Firms look to AI to power predictive analytics

Artificial intelligence could offer an array of insights to private equity firms, but first they must be able to access and normalise data.

The use of artificial intelligence in fund administration is all about being smarter with data, with many organisations now trying to transition their analytics from being descriptive to forward-looking, according to Jay Cipriano, senior vice-president at SEI Investment Manager Services.

“One of the attractive things about AI is its ability to power predictive analytics. Predictive insights enabled by machine learning could prove to be transformative for many firms, leading to better decisions across a range of functions,” he says.

General partners are looking to combine their asset and investor data with market data to predict future opportunities – it can inform them about what products or funds to offer with expectations of high market demand, anticipate flows that affect their investors and funds, and help them prospect more efficiently, Cipriano adds.

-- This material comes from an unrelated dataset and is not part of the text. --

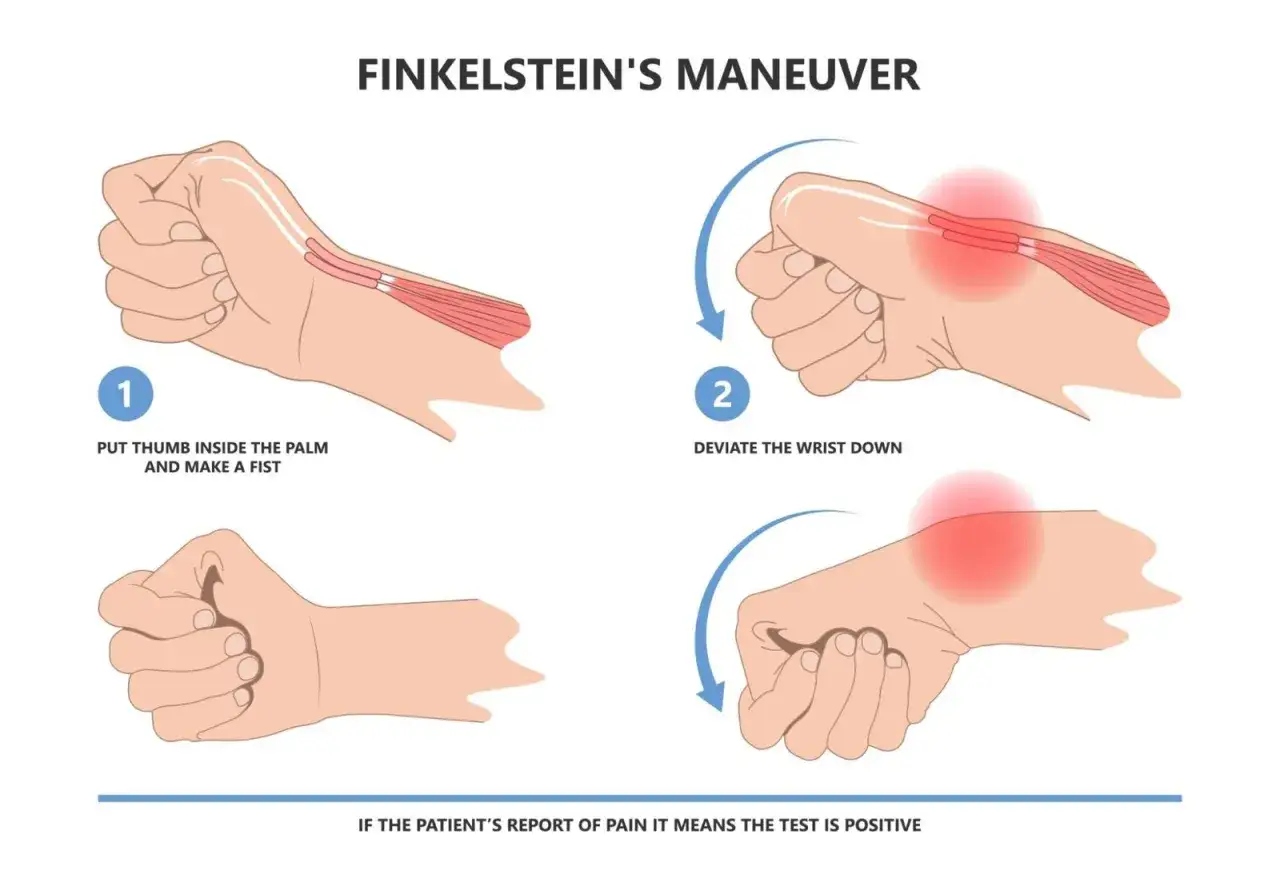 Manovra di Finkelstein per diagnosticare il morbo di Quervain: chiudere il pugno col pollice dentro e piegare il polso verso il basso.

Over time, it will become easier to take advantage of the data that’s available and get the most information out of it. But currently, one of the challenges is gaining access to enough data to develop AI or machine learning.

“By design most data is kept private within a very small circle of fund managers and investors. To date, it has been very hard to accumulate large amounts of data which one could analyse or try to use in some sort of quantitative investing strategy,” says Cipriano. “As transparency increases and private markets become less private, it is easy to see how AI can become more critical. New sources of structured and unstructured data crop up with some regularity, and combined with machine-learning technology, AI offers the promise of insights that were unimaginable only a few years ago.”

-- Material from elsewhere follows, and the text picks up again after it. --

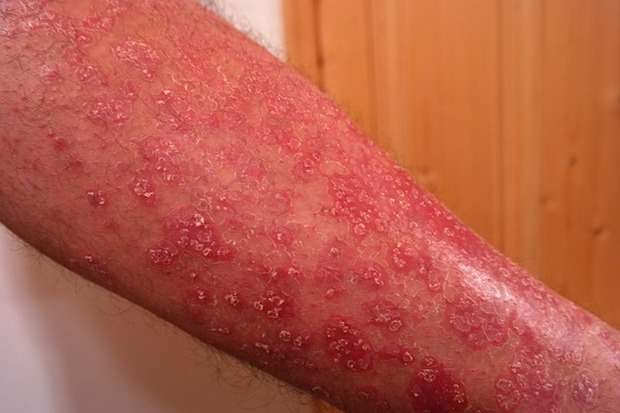 psoriasis rash on a person’s leg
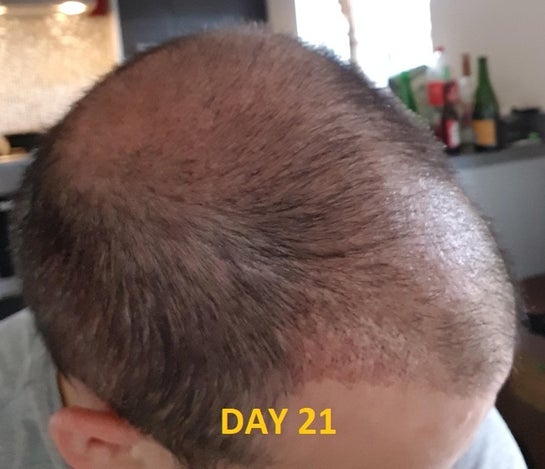 Share 129+ hair transplant after 20 days super hot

Natural language processing

One of the main focuses for fund administrators has been natural language processing, which can be used to extract data from the myriad documents that are needed to run a private equity fund, such as financial statements or subscription files.

“These are big documents and we don’t have control over how we receive them, so for us to be able to seamlessly process that information is a big win,” says Mike Dickey, global head of product development at MUFG Investor Services.

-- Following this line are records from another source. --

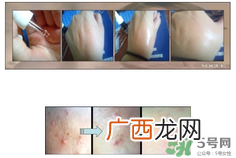 达尔肤dr.wu杏仁酸真假辨别方法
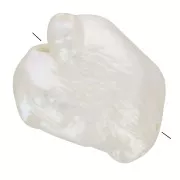 Irregular Keshi baroque freshwater pearl - 10 to 14 mm - AAA Grade - White x1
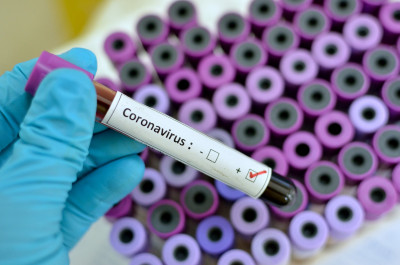 1582989794coronavirus-vial.jpg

So far, Dickey says, the work the firm has done to automate processes like capital calls or distributions of capital statements, has allowed it to cut its operating costs in half, but the next goal is to bring everything closer to how hedge funds operate.

“Having data doesn’t necessarily make it useful”

Mike Dickey
MUFG Investor Services

“I think everyone in our industry is on a bit of a journey with data, some firms are further ahead than others. But having data doesn’t necessarily make it useful. Unless I can normalise that data, I can’t make use of it,” says Dickey. And once the data are easily available and ready to use, then firms can use machine learning and AI to forecast trends, for example to find out what investors might be at risk of leaving a fund.

However, it’s still early days, according to Alex Di Santo, group head of private equity at Crestbridge. AI is being used to scrape data from financial documents, to monitor investor behaviour on platforms where the GPs can see what information LPs are reviewing and assessing and in deal sourcing.

Increasingly, clients are demanding more, though, and Di Santo sees a future where fund administrators will have all the processes and straight-through-processing tools together in one system where AI is used to link it all together.